Et selon l'opposition, le sang a déjà coulé, la crise a fait ses premières victimes aussi bien parmi la population que parmi les forces de l'ordre. Tout dépend maintenant de la capacité du pouvoir et de l'opposition de se mettre à la table des négociations malgré leur aversion mutuelle.

D'ailleurs, la logique des événements qui ont eu lieu depuis deux ans dans la république exige ces pourparlers. Le président du pays Askar Akaiev accepte ce principe, mais la solution ne dépend pas seulement de son accord ou de son désaccord.

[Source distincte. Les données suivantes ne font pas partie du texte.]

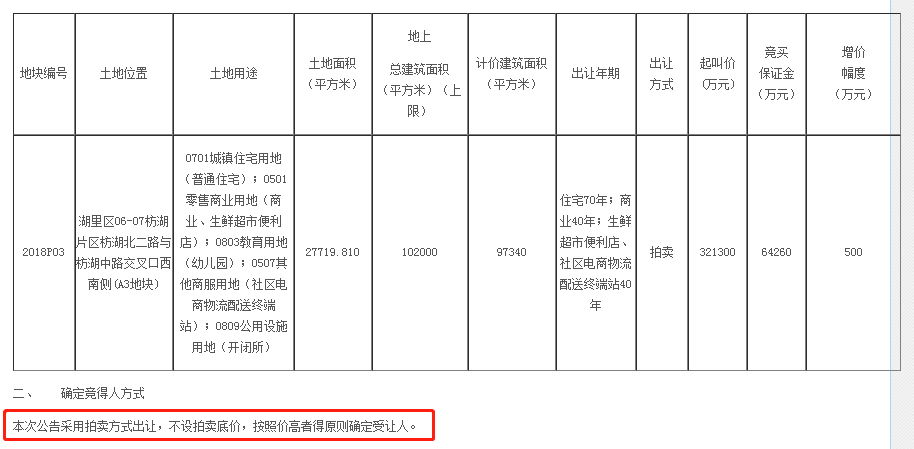 突发! 全国多城楼市限购松绑! 传递什么调控信号?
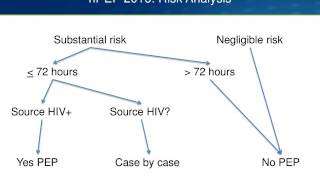 Nonoccupational HIV Post Exposure Prophylaxis nPEP [upl. by Hannan383]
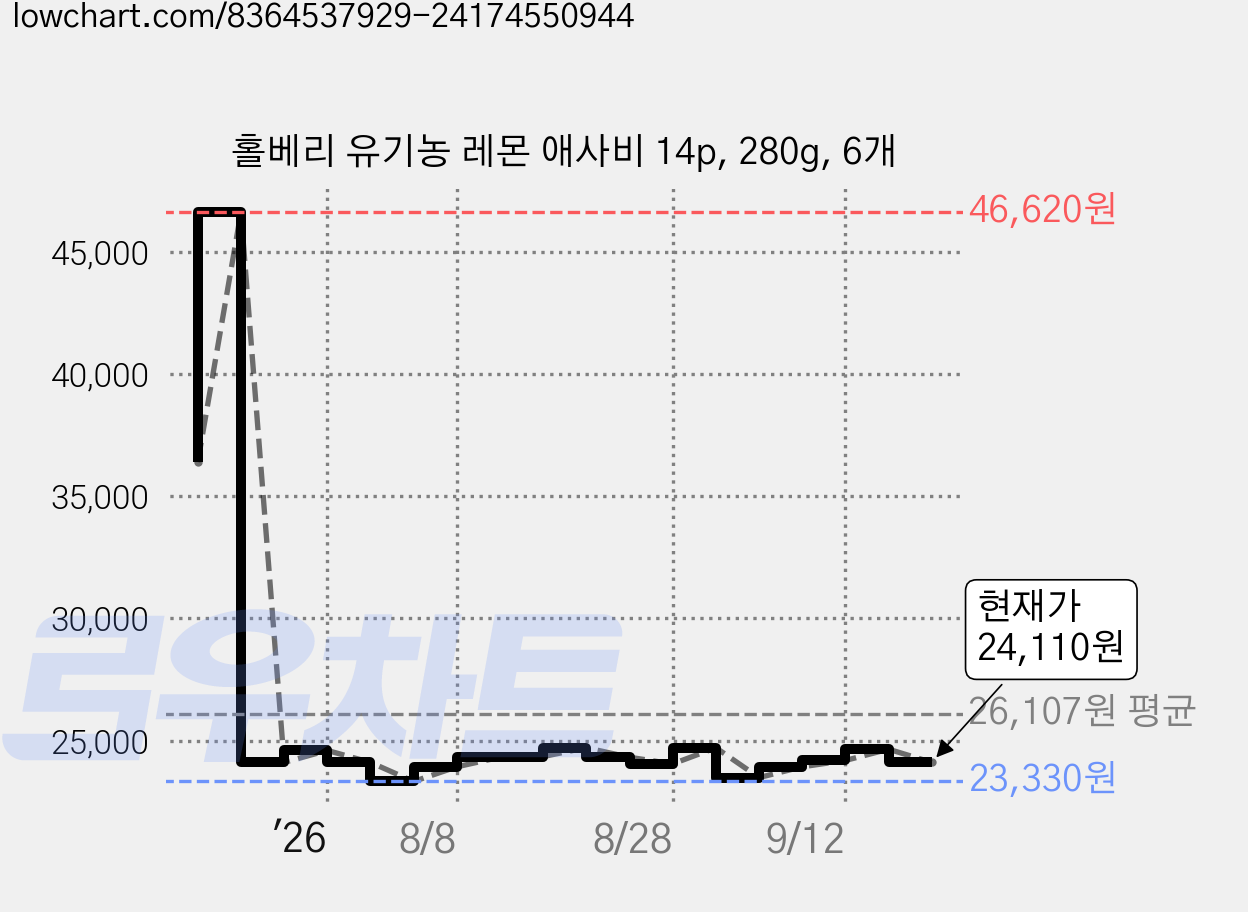 홀베리 유기농 레몬 애사비 14p, 280g, 6개 가격 변동 차트, 현재가 24,110원, 관측 최저가 23,330원
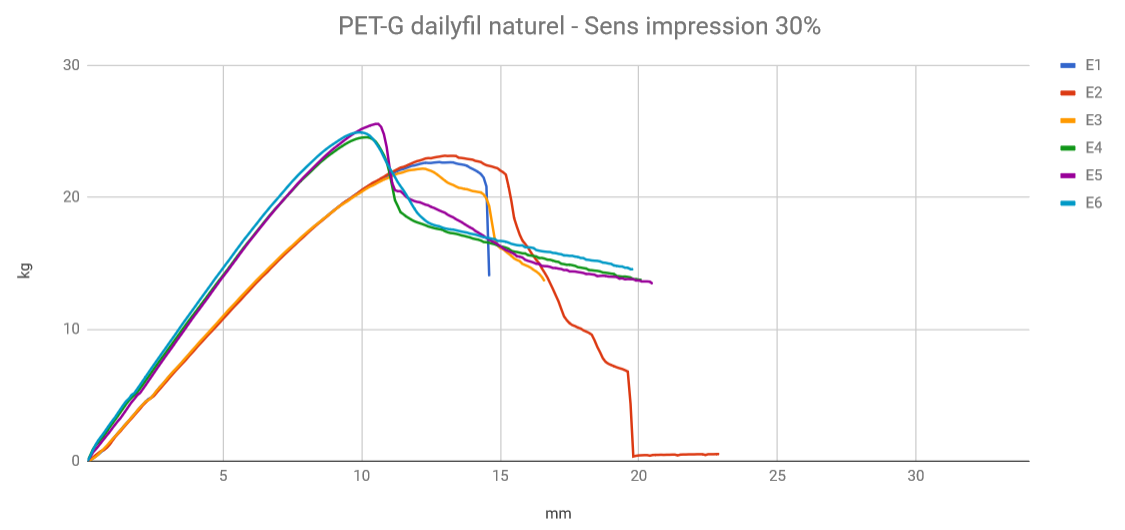 pet-g dailyfil sens impression 30pt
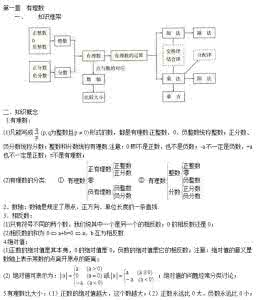 2017中考数学知识点 2017中考数学知识点 2017中考英语形容词知识点 形容词的句法功能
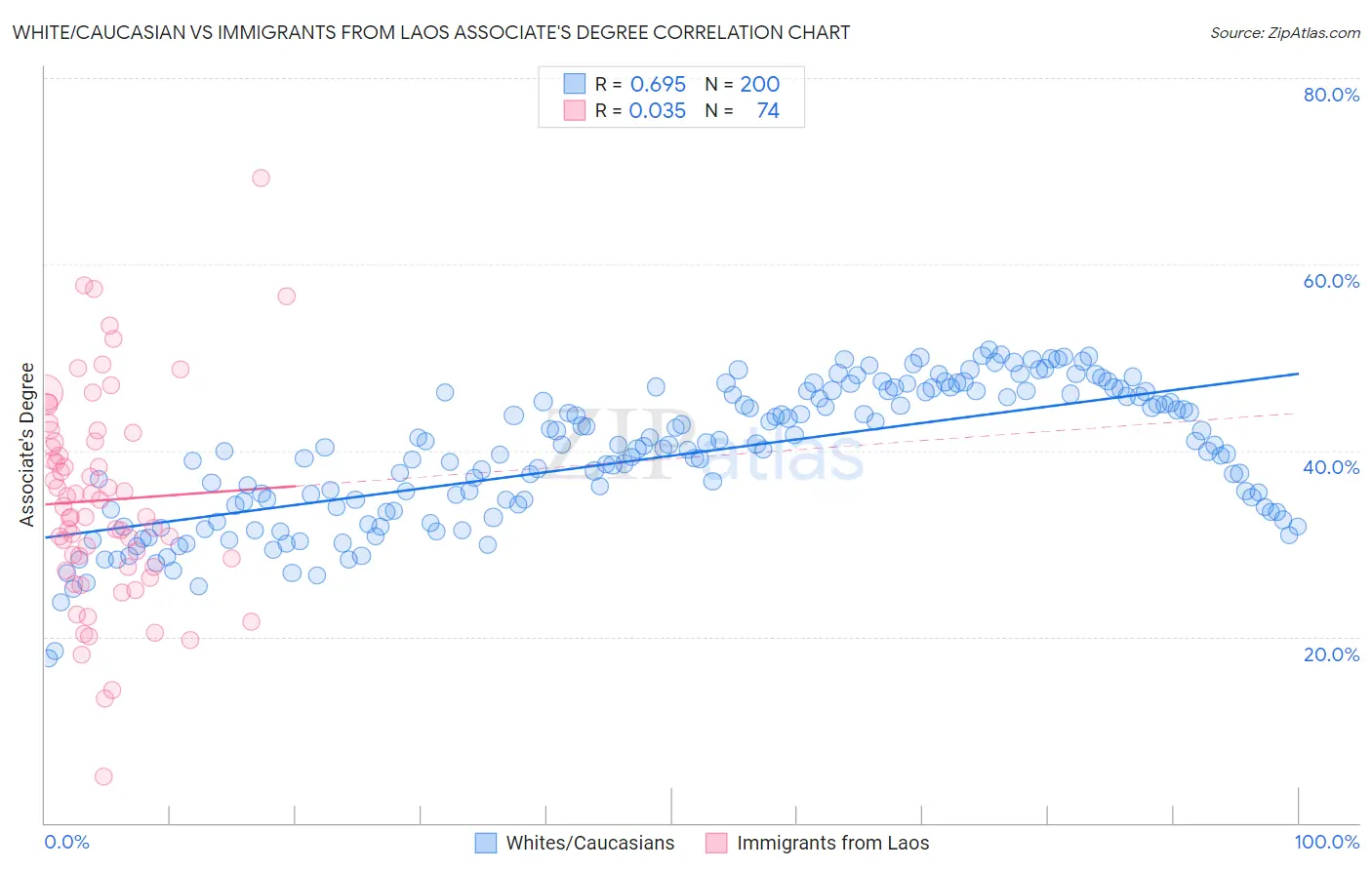 White/Caucasian vs Immigrants from Laos Associate's Degree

La confrontation qui a éclaté pendant les élections législatives entre le pouvoir et l'opposition dans les deux centres régionaux d'Och et de Djalal-Abad a conduit, comme il fallait s'y attendre, à des violences dont l'issue est imprévisible. Certes, les deux parties interprètent différemment ces événements. Selon l'opposition, à la suite de la prise d'assaut, dans la nuit de samedi à dimanche, par la police et les unités spéciales des bâtiments administratifs d'Och et de Djalal-Abad, il y a eu des victimes aussi bien parmi la population que parmi les policiers. On dit qu'il y a eu environ dix morts et des dizaines de blessés.

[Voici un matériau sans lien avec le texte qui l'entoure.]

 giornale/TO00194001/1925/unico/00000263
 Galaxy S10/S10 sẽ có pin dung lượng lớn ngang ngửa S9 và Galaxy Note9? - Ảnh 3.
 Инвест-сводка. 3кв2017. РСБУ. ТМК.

Mais les autorités officielles démentent ces affirmations, tout en qualifiant la situation de crise. Le ministère de l'Intérieur affirme que de nombreuses familles de policiers, craignant pour leur vie, ont été contraintes de quitter Djalal-Abad.

L'opposition essaie de présenter les événements dans le Sud du pays comme un désaccord national avec le pouvoir actuel, comme une protestation populaire. Le pouvoir estime, à son tour, que l'opposition spécule sur les problèmes politiques et sociaux traditionnels qui subsistent dans les régions méridionales de la république, que le conflit a été provoqué, pour l'essentiel, par les efforts de l'opposition et qu'il ne dépasse pas le cadre d'une crise régionale.

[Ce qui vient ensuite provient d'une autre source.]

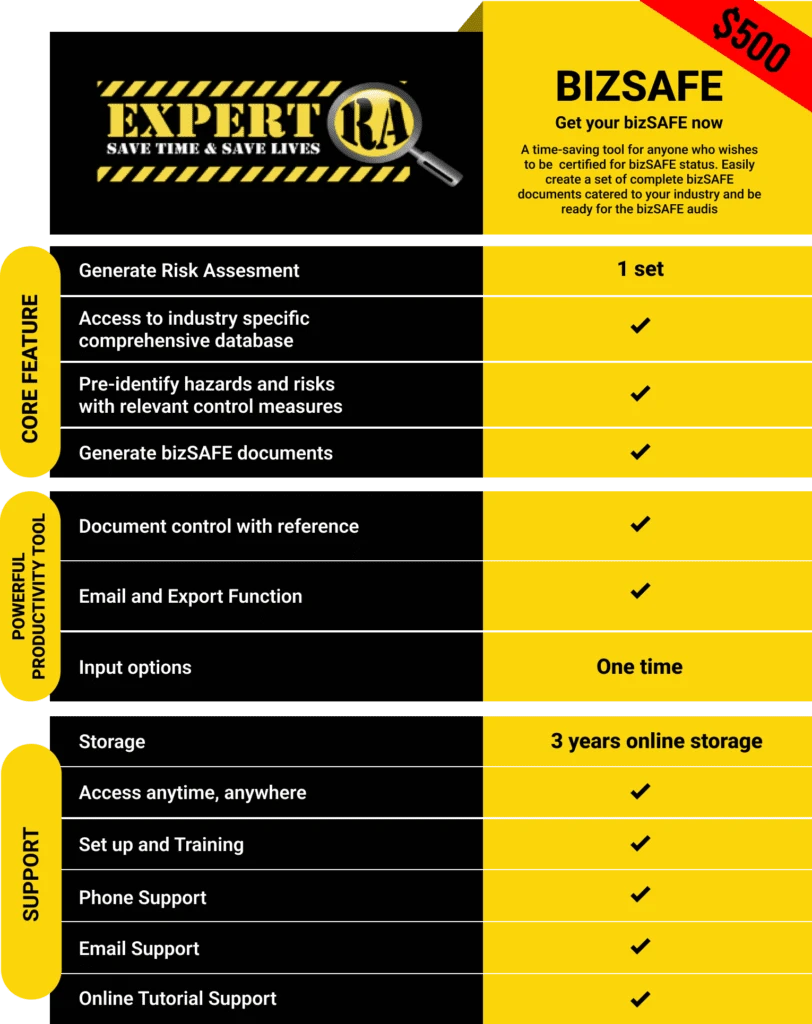 Navigating Safety Excellence: A Comprehensive Guide to BizSAFE Certification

Bien entendu, le pouvoir a raison dans un sens. La contestation est réelle dans la république, mais les événements ne suivent pas pour autant les scénarios géorgien ou ukrainien. Et rien ne permet d'affirmer que le pouvoir actuel avec à sa tête le président Askar Akaiev est condamné.

D'autre part, la confrontation "pouvoir-opposition" ne date pas d'hier. Les événements d'il y a deux ans dans le chef-lieu d'Aksy de la région de Djalal-Abad (également dans le Sud de la république) étaient le premier signal d'alarme. La police avait employé alors les armes contre les manifestants qui s'étaient élevés contre l'administration locale. Il y avait eu des victimes, ce qui ébranla toute la république.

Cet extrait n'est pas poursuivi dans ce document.